An interframe is painted with varying vector sizes depending on the block type:

type 0x0101    3x3 vectors
type 0x0102    2x2 vectors
type 0x0103    2x3 vectors

An encoded interframe has the following layout:

vector codebook
vector change bitmap
codebook indices

The vector codebook consists of 256 pixel vectors. The size of each vector (either 4, 6, or 9 bytes) depends on which size vector the current interframe type uses. The size of the vector change bitmap is defined as:

size_of_change_bitmap = ((319 / vector_width + 7) / 8) * 
    (199 / vector_height)

The interframe decoding algorithm is:

initialize pointers to the codebook, change bitmap, and indices
read the next byte from the change bitmap
for each vector position in image, left -> right, top -> bottom
  if bit 7 of change byte is 1 then
    read next codebook index from index portion of stream
    copy the vector at codebook[index] into the current vector position
  if bit 7 of change byte is 0 then
    vector is unchanged from previous frame
  shift the change byte left by 1
  if the change byte has been exhausted (shifted 8 times)
    read the next byte from the change bitmap

Audio Format

The AVS audio format is actually taken from the Creative VOC format.

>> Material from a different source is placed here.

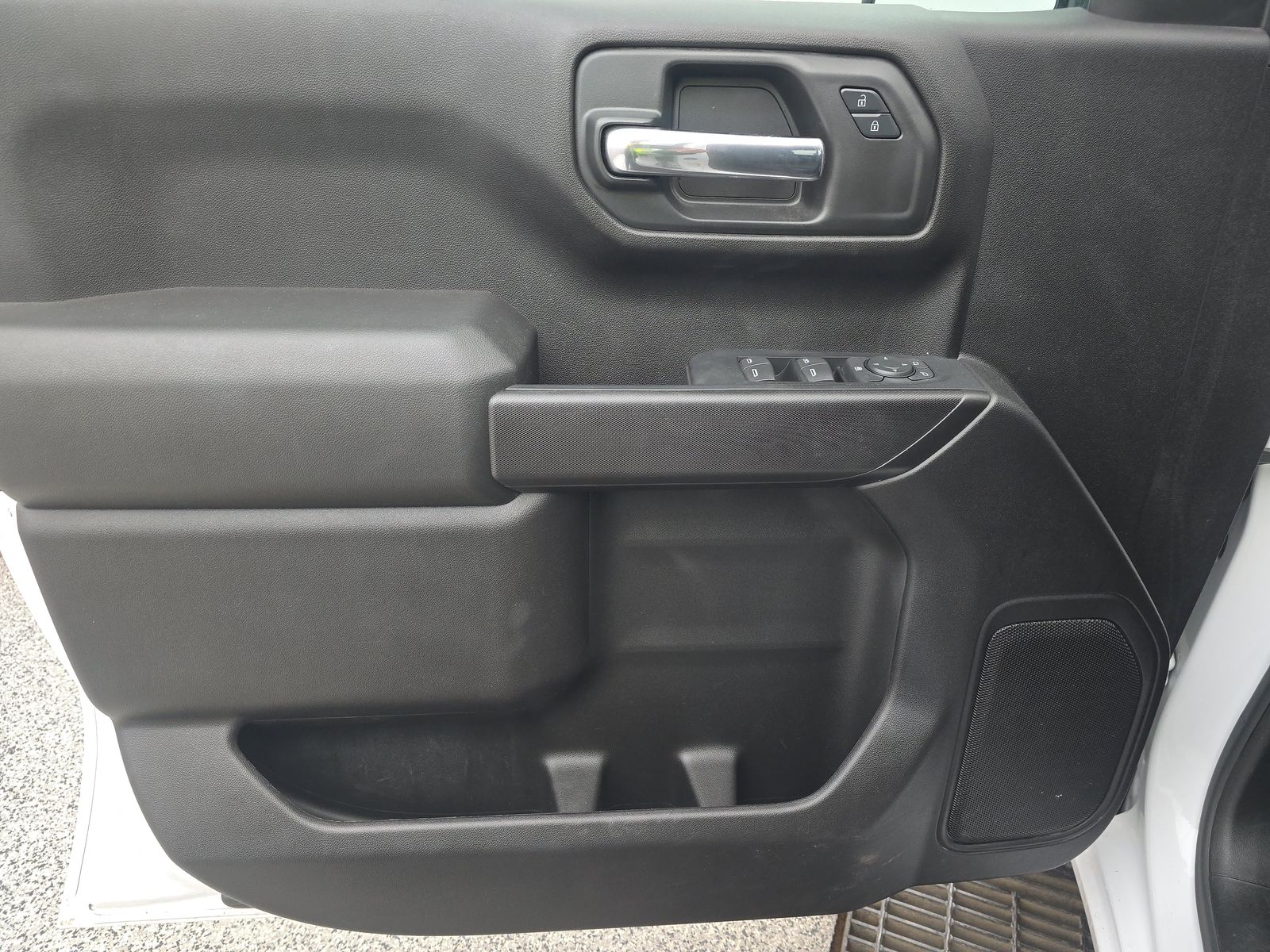 2024 Chevrolet Silverado 1500 Custom AWD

A VOC chunk has the following layout:

byte  0    chunk type (should be 1)
bytes 1-3  chunk length (including 4-byte payload but not next 2 bytes)
byte  4    frequency divisor
byte  5    data packing field (should be 0 which indicates unpacked)
bytes 6..  audio data

The caveat when processing audio blocks (type 0x0200) is that the block may or be a complete VOC chunk (with a header and complete data), or may be the beginning of a VOC chunk (with header and some data), or a continuation of a VOC chunk started in a previous frame along with the start of a new VOC chunk. For example, one audio block may contain an entire VOC chunk:

frame
 block 0x200, length = 8196
  voc-header, chunk_length = 8188
  samples -> 8188 samples
frame
 block 0x200, length = 50
  voc-header, chunk_length = 90
  samples -> to the end of the subblock (50 - 6 VOC header bytes)
...
frame
 block 0x200, length = 50
  samples -> the rest of the data as counted by previous chunk_length 
    (90 - (50-6))
  voc-header
  samples
...

The frequency divisor, which should ideally remain constant through playback, is an unsigned byte that is fed directly into the classic Creative Sound Blaster to initialize the DAC for digital audio output. The formula to calculate the playback sample rate is:

sample_rate = 1000000 / (256 - frequency_divisor)

A common divisor is 0xA6/166 which yields a sample rate of 11111 Hz.

The audio data is single-channel, unsigned, 8-bit, PCM audio data.